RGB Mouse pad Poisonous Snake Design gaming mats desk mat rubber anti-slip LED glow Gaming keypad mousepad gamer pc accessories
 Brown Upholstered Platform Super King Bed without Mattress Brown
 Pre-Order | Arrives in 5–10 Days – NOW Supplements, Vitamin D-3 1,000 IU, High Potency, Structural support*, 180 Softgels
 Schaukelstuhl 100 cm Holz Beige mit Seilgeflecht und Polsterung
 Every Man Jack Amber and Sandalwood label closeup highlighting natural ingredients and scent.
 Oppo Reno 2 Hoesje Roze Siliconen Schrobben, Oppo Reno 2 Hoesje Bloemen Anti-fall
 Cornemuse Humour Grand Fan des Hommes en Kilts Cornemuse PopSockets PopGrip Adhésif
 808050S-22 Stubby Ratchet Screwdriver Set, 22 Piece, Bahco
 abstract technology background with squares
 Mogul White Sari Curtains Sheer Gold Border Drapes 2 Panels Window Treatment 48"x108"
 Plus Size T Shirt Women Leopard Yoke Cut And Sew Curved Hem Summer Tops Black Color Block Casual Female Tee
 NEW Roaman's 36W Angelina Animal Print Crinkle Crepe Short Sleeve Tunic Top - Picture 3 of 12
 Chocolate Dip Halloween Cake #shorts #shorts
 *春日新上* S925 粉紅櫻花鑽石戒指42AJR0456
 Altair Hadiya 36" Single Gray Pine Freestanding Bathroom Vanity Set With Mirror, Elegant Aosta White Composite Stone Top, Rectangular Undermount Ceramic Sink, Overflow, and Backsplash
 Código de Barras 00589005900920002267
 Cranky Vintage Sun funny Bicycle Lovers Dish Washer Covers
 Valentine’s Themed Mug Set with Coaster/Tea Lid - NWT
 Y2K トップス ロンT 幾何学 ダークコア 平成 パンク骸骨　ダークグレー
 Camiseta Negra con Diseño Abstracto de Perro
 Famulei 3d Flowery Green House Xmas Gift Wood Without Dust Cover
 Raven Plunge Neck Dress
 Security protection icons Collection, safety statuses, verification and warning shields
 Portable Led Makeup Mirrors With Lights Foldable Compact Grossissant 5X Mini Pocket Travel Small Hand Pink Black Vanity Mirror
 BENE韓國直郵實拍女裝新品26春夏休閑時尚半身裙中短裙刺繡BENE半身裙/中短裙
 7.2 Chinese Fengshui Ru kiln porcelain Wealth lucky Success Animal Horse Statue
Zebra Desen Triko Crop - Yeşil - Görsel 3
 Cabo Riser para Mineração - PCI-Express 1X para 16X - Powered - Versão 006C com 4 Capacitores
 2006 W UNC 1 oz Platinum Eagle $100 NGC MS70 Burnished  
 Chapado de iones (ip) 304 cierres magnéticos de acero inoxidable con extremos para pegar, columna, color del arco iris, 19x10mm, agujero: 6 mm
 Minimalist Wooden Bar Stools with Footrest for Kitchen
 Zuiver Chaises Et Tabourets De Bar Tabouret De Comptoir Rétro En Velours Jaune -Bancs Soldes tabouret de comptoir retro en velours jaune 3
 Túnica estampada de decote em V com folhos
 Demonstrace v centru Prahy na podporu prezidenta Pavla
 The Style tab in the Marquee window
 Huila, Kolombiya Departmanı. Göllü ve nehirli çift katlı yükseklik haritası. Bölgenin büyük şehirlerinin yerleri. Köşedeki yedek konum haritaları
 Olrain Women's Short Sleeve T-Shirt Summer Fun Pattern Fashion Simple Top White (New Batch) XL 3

[ASSIGNED TASK]
Print, exactly as written, the first line of the records above and each line after it until the line with "BENE韓國直郵實拍女裝新品", which is printed too.

[RESULT FOR THIS TASK]
RGB Mouse pad Poisonous Snake Design gaming mats desk mat rubber anti-slip LED glow Gaming keypad mousepad gamer pc accessories
 Brown Upholstered Platform Super King Bed without Mattress Brown
 Pre-Order | Arrives in 5–10 Days – NOW Supplements, Vitamin D-3 1,000 IU, High Potency, Structural support*, 180 Softgels
 Schaukelstuhl 100 cm Holz Beige mit Seilgeflecht und Polsterung
 Every Man Jack Amber and Sandalwood label closeup highlighting natural ingredients and scent.
 Oppo Reno 2 Hoesje Roze Siliconen Schrobben, Oppo Reno 2 Hoesje Bloemen Anti-fall
 Cornemuse Humour Grand Fan des Hommes en Kilts Cornemuse PopSockets PopGrip Adhésif
 808050S-22 Stubby Ratchet Screwdriver Set, 22 Piece, Bahco
 abstract technology background with squares
 Mogul White Sari Curtains Sheer Gold Border Drapes 2 Panels Window Treatment 48"x108"
 Plus Size T Shirt Women Leopard Yoke Cut And Sew Curved Hem Summer Tops Black Color Block Casual Female Tee
 NEW Roaman's 36W Angelina Animal Print Crinkle Crepe Short Sleeve Tunic Top - Picture 3 of 12
 Chocolate Dip Halloween Cake #shorts #shorts
 *春日新上* S925 粉紅櫻花鑽石戒指42AJR0456
 Altair Hadiya 36" Single Gray Pine Freestanding Bathroom Vanity Set With Mirror, Elegant Aosta White Composite Stone Top, Rectangular Undermount Ceramic Sink, Overflow, and Backsplash
 Código de Barras 00589005900920002267
 Cranky Vintage Sun funny Bicycle Lovers Dish Washer Covers
 Valentine’s Themed Mug Set with Coaster/Tea Lid - NWT
 Y2K トップス ロンT 幾何学 ダークコア 平成 パンク骸骨　ダークグレー
 Camiseta Negra con Diseño Abstracto de Perro
 Famulei 3d Flowery Green House Xmas Gift Wood Without Dust Cover
 Raven Plunge Neck Dress
 Security protection icons Collection, safety statuses, verification and warning shields
 Portable Led Makeup Mirrors With Lights Foldable Compact Grossissant 5X Mini Pocket Travel Small Hand Pink Black Vanity Mirror
 BENE韓國直郵實拍女裝新品26春夏休閑時尚半身裙中短裙刺繡BENE半身裙/中短裙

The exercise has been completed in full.